EXERCISE BRIEF — Retype exactly what runs from the first line of the data to the line with "Drewal Family Crest", keeping both of those lines and skipping pictures.

*** ENTRIES PROVIDED ***

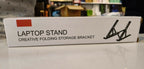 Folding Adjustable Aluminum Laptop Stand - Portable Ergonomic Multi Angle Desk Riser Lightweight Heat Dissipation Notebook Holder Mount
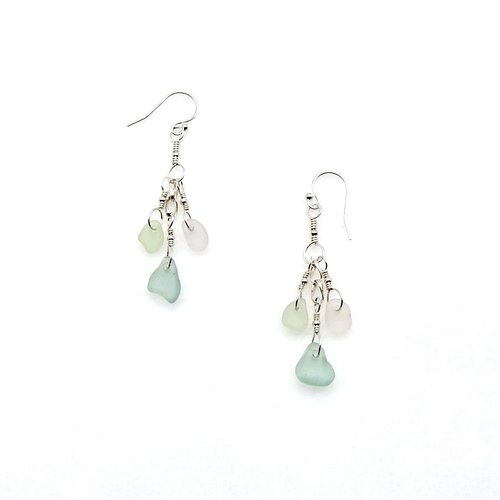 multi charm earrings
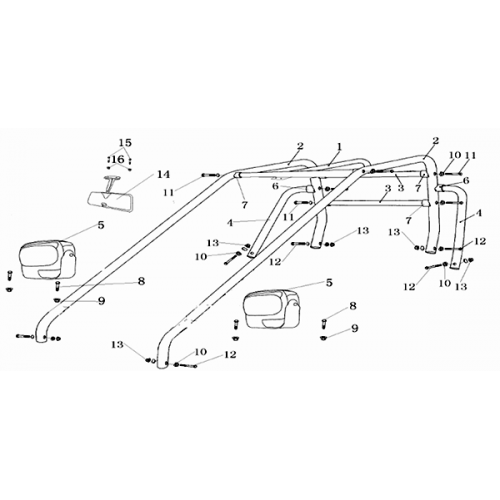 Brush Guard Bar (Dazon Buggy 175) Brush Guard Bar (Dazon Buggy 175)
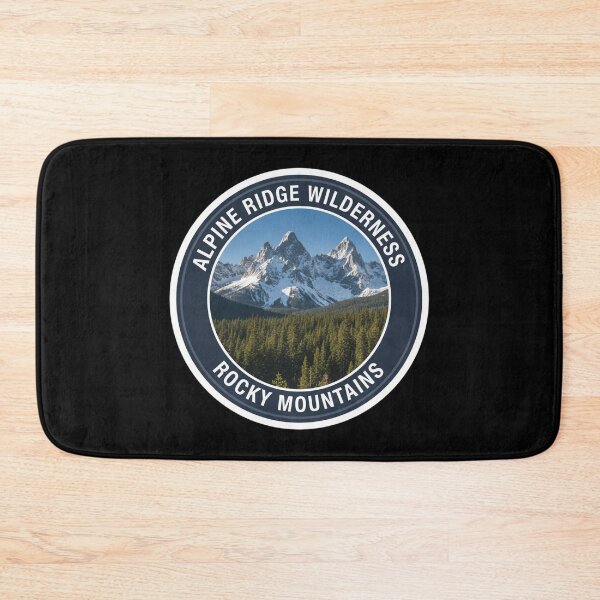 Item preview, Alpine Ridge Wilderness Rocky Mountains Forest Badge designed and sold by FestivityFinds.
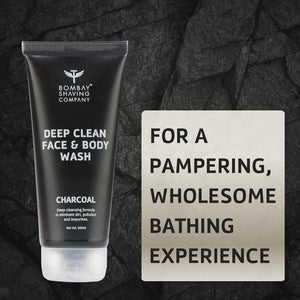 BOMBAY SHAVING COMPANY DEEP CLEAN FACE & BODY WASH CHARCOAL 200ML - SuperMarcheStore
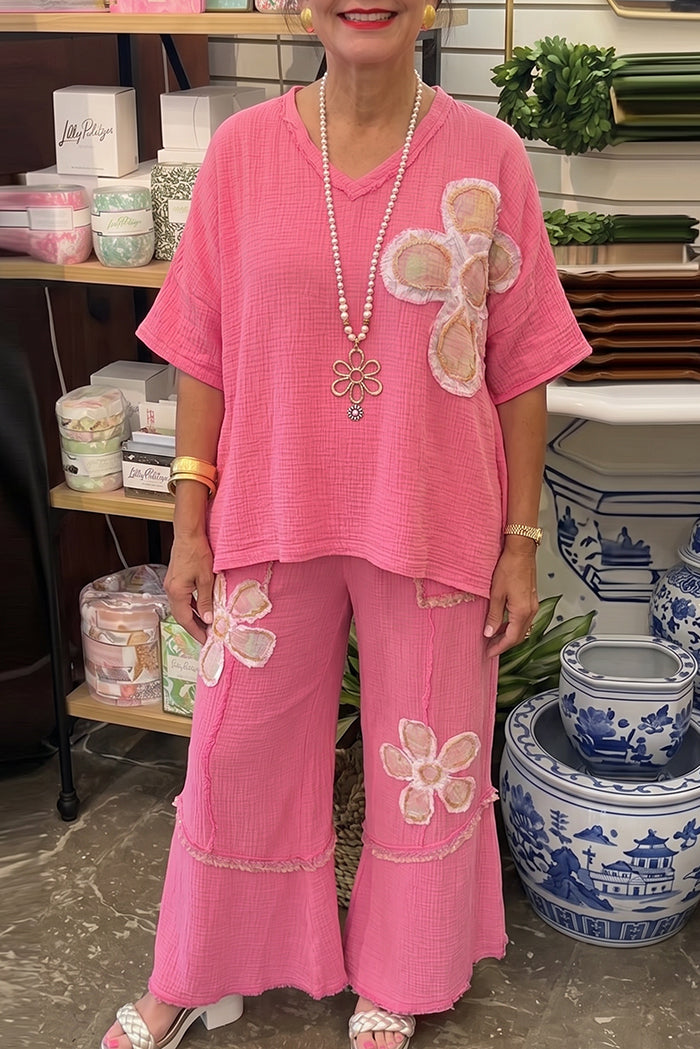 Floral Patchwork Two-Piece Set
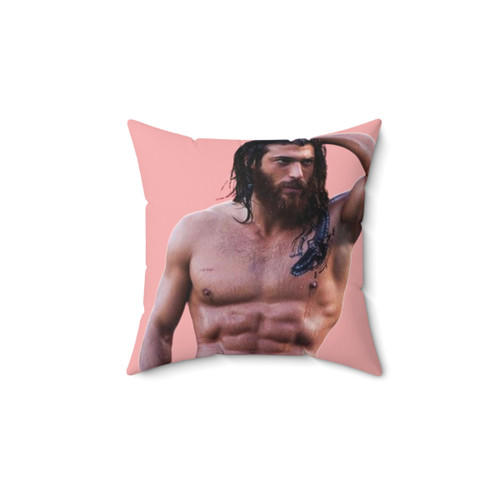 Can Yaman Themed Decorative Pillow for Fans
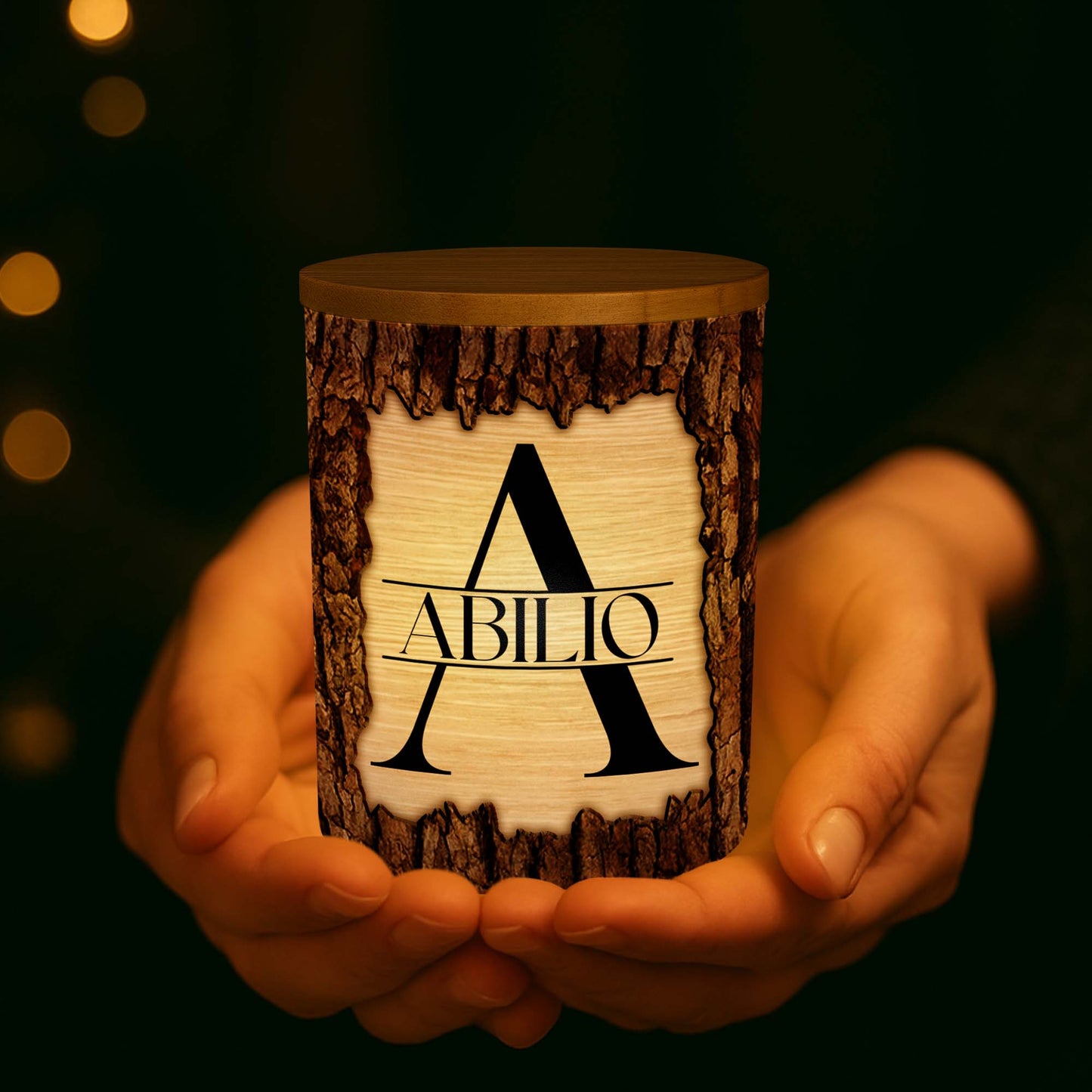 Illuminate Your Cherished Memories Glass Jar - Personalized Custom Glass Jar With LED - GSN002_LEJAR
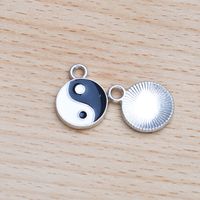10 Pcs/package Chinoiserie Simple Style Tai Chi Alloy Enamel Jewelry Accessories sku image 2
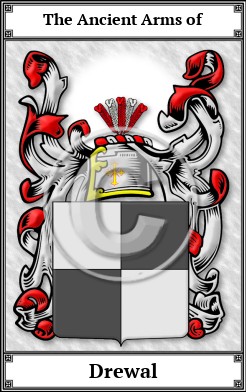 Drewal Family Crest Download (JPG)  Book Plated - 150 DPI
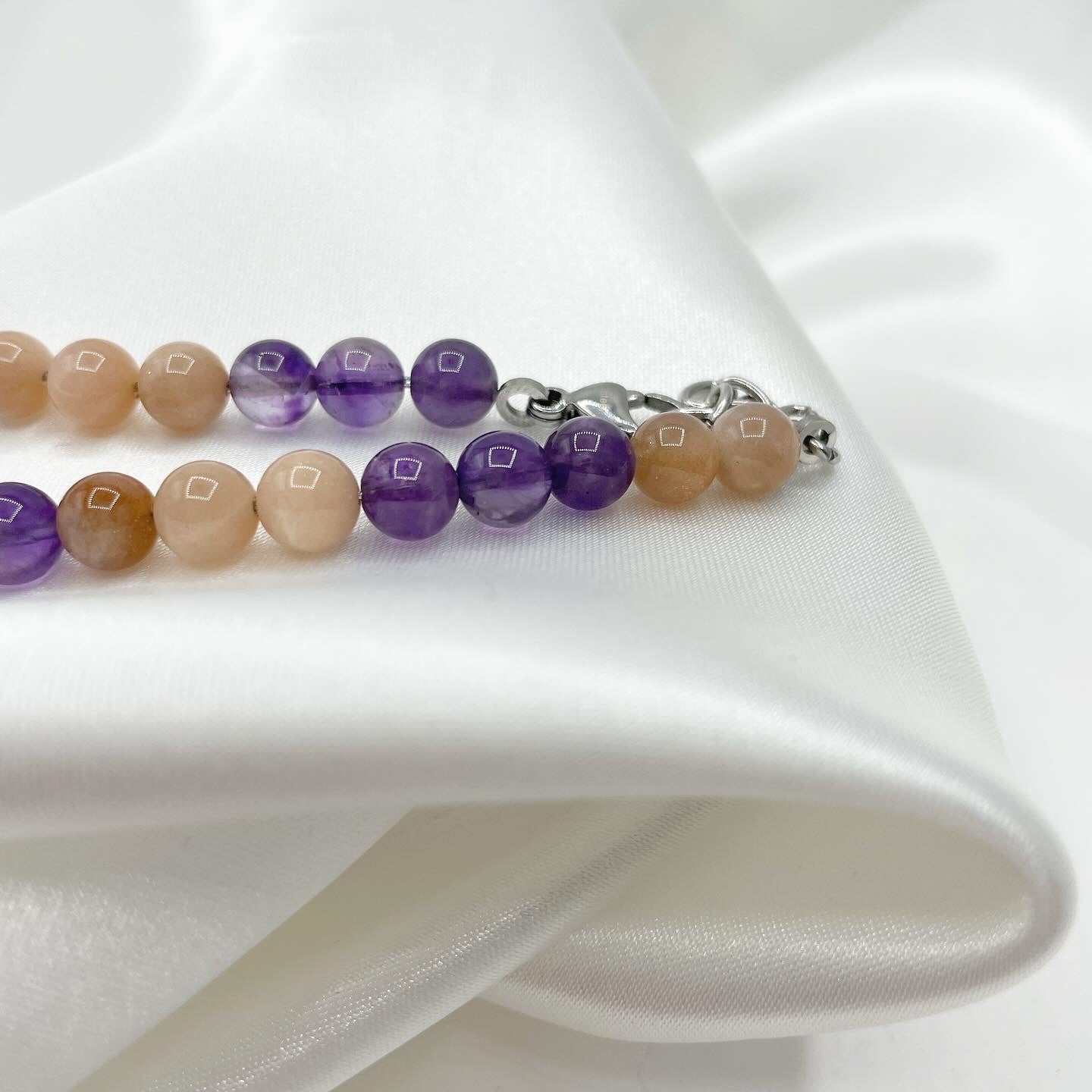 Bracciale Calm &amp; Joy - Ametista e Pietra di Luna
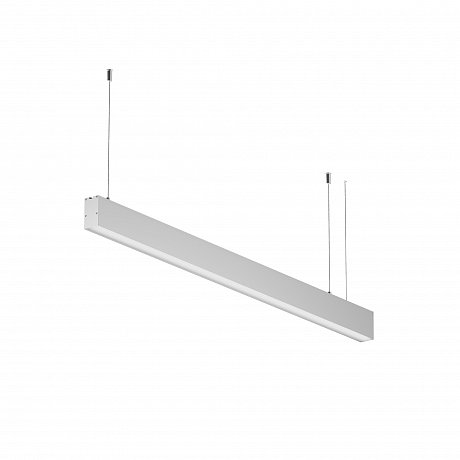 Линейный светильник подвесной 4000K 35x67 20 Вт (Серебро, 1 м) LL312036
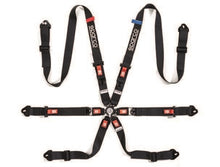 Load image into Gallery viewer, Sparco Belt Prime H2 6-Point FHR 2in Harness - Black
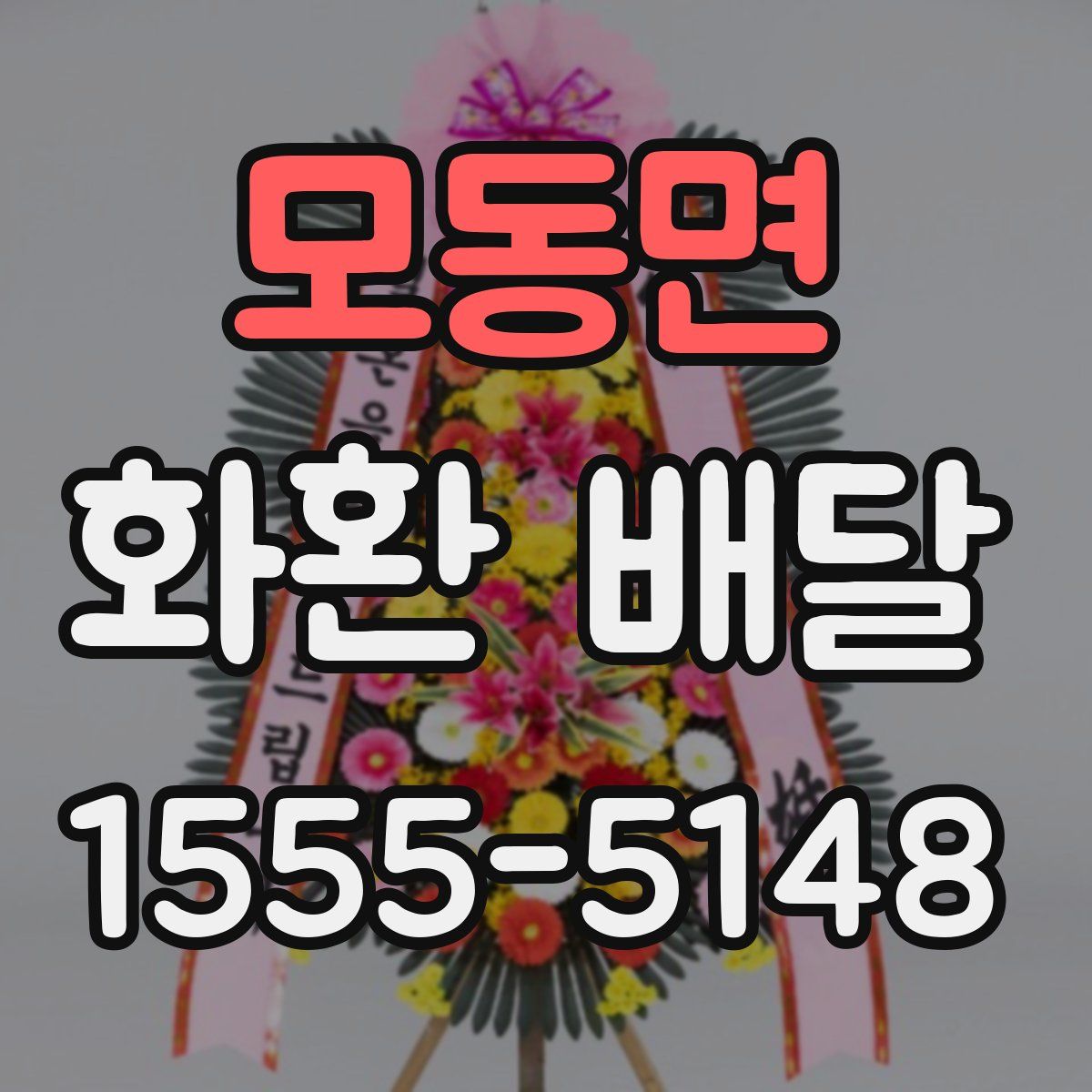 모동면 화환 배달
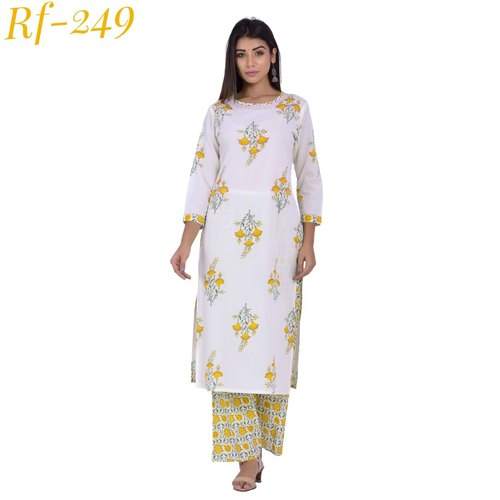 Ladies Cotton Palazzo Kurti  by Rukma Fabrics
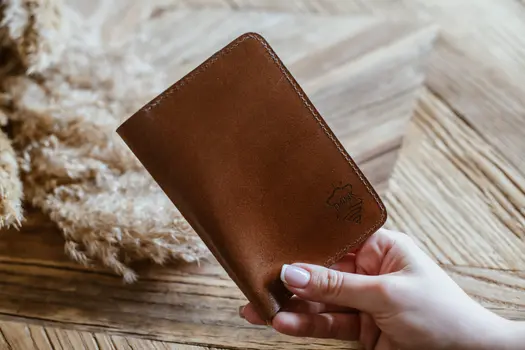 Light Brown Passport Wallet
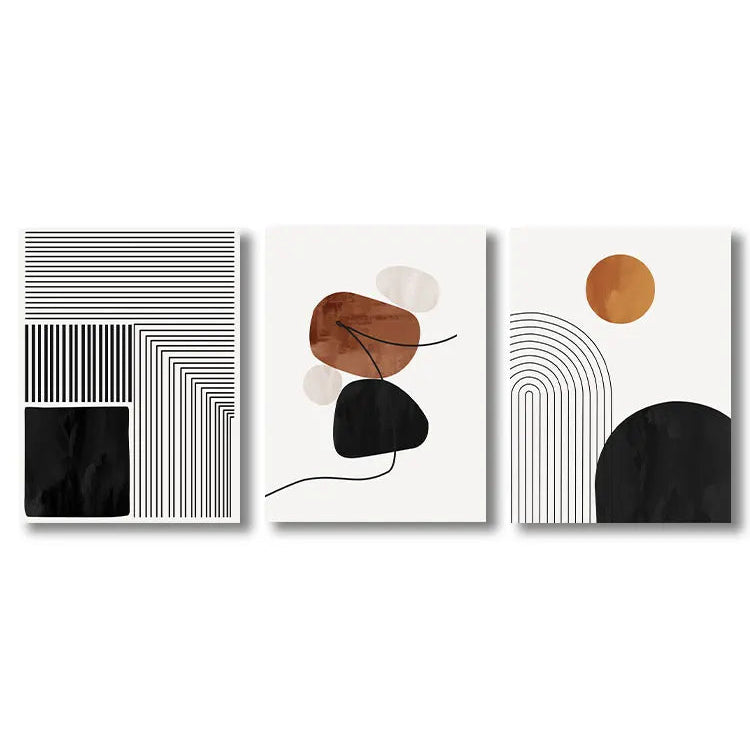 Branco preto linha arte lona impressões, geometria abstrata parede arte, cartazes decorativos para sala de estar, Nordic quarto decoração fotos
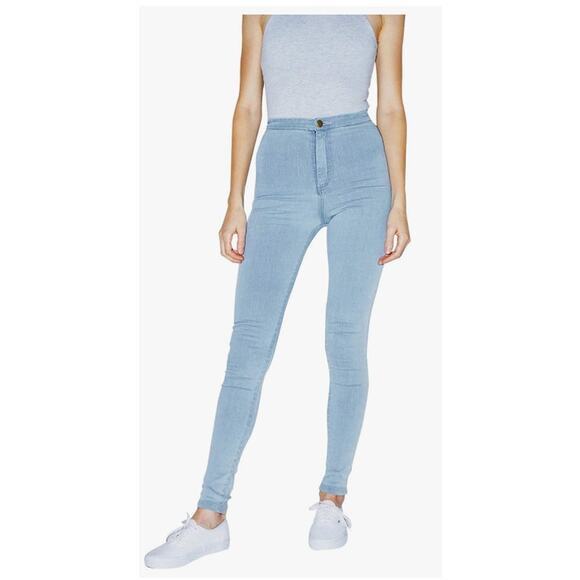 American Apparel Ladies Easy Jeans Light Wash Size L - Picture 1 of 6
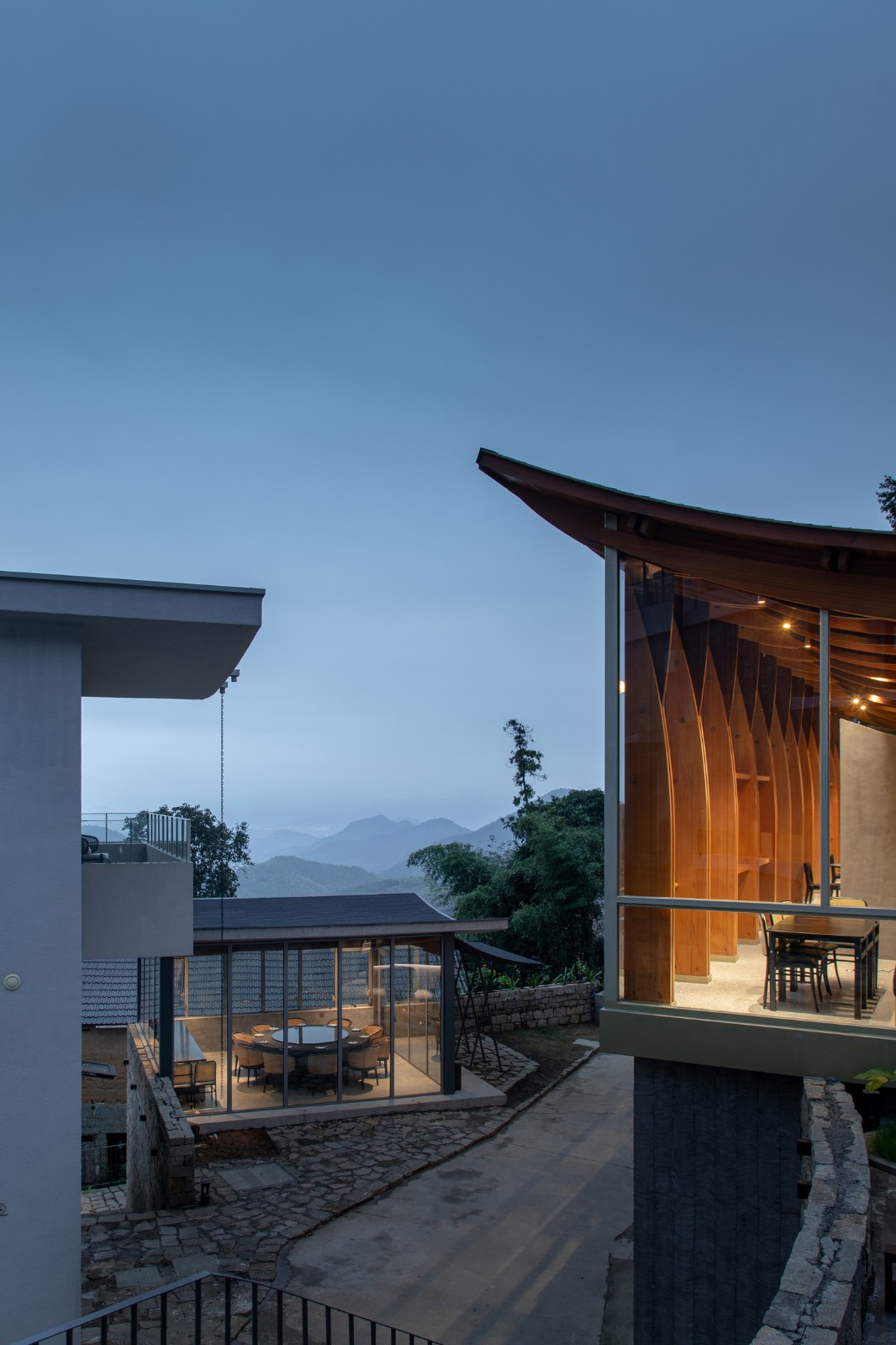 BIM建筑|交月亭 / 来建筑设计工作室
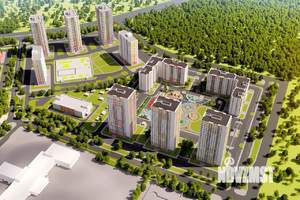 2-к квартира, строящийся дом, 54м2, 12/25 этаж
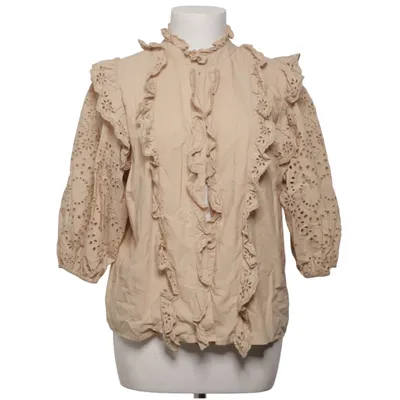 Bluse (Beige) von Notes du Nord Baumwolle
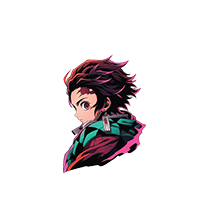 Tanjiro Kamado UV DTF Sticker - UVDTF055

*** End of ENTRIES PROVIDED ***

SOLVED PROBLEM —
 Folding Adjustable Aluminum Laptop Stand - Portable Ergonomic Multi Angle Desk Riser Lightweight Heat Dissipation Notebook Holder Mount
 multi charm earrings
 Brush Guard Bar (Dazon Buggy 175) Brush Guard Bar (Dazon Buggy 175)
 Item preview, Alpine Ridge Wilderness Rocky Mountains Forest Badge designed and sold by FestivityFinds.
 BOMBAY SHAVING COMPANY DEEP CLEAN FACE & BODY WASH CHARCOAL 200ML - SuperMarcheStore
 Floral Patchwork Two-Piece Set
 Can Yaman Themed Decorative Pillow for Fans
 Illuminate Your Cherished Memories Glass Jar - Personalized Custom Glass Jar With LED - GSN002_LEJAR
10 Pcs/package Chinoiserie Simple Style Tai Chi Alloy Enamel Jewelry Accessories sku image 2
 Drewal Family Crest Download (JPG)  Book Plated - 150 DPI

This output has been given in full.